Farhad sits on the sofa and looks impatient. When it is his turn, he says what it has been like to live in Finland for seven months. But he cannot get any peace, because he does not know where his mother, four brothers, and two younger sisters are.
      "When I was in Afghanistan, I heard that abroad, especially in Europe, there are organisations that can find families. But that's not true, because I have lived in Finland for six months, and I still don't know where my family is", Farhad says.
     
Järvinen tries to explain to Farhad that the Red Cross can sometimes take several years to find a person. But Farhad will not relent. Aren't there human rights in Finland?
      Farhad's father was murdered in Kabul a few years ago, but Farhad does not want to talk about it any more. One of his brothers also disappeared, and nobody knows what has happened to him.
      Seven months ago. Farhad's mother sent her son and his older brother to Europe with the help of a smuggler. During their escape, Farhad and his brother were separated. Now he is in Ylöjärvi, and is sick with worry. He last saw his family in Pakistan, where they fled from Afghanistan after his father was murdered.
      "I love my little brother more than anything. I remember when I was sick once, and he came next to me and cried, asking why I am sick. He liked me too, very much. We played football together. Sometimes I took him to the park or to the baths", Farhad says, and looks down.
      "When I was leaving my mother she took me into her lap and wept hard. She said not to worry, and that she would come later. Everything would be all right.

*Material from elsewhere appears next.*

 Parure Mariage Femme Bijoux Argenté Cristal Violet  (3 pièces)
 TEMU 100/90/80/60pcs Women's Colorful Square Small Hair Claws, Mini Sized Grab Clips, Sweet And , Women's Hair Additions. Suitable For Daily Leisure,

Only later I understood that she was lying to me because she didn't come after me", he says gloomily.
      "Perhaps she was lying because she thought that you wouldn't have wanted to go otherwise."
      "Listen Farhad", says Järvinen. "The most important thing for a mother is that her children are safe."
     
It is already dark on the way home. On the left side of the car there are three stars in line. It is Orion's Belt.
      "Omar - he tried to speak the standard language all the time", Zarmina says in the car.
      It is not certain that Omar and Farhad will be allowed to stay in Finland, but it is likely. Last year only two Afghans were turned away from the country. On the other hand, the Directorate of Immigration has not been granting A status to Afghans for a few years, because the country is seen to be more peaceful than before.
     
Zarmina looks out the window. It was good that she did not tear up the plane tickets and fake passports eight years ago. They were found in the seat pocket, and on their basis the police were able to confirm that her story about her flight was true.
      When Zarmina and her brother came to Finland, Zarmina had 600 dollars in her pocket and a telephone number. A police woman did a body search, and both of these were taken away.
      Zarmina thought that she would never see the money again. However, the police gave it back. She did not get the telephone number back for several months.
      The number was to her grandmother, who lives in Pakistan. She did not know where Zarmina and the rest of the family were, but Zarmina gave her grandmother the phone number of the family group home in Kontiolahti.
      Then one day the phone rang. It was her mother.
      "My mother said, don't cry, everything will be all right", Zarmina says.
      As Zarmina and her younger brother both had A status, the younger brother - who was still underage - was able to apply for family unification: residence permits in Finland for the mother and the brother. In January 2002 the whole family came to Finland.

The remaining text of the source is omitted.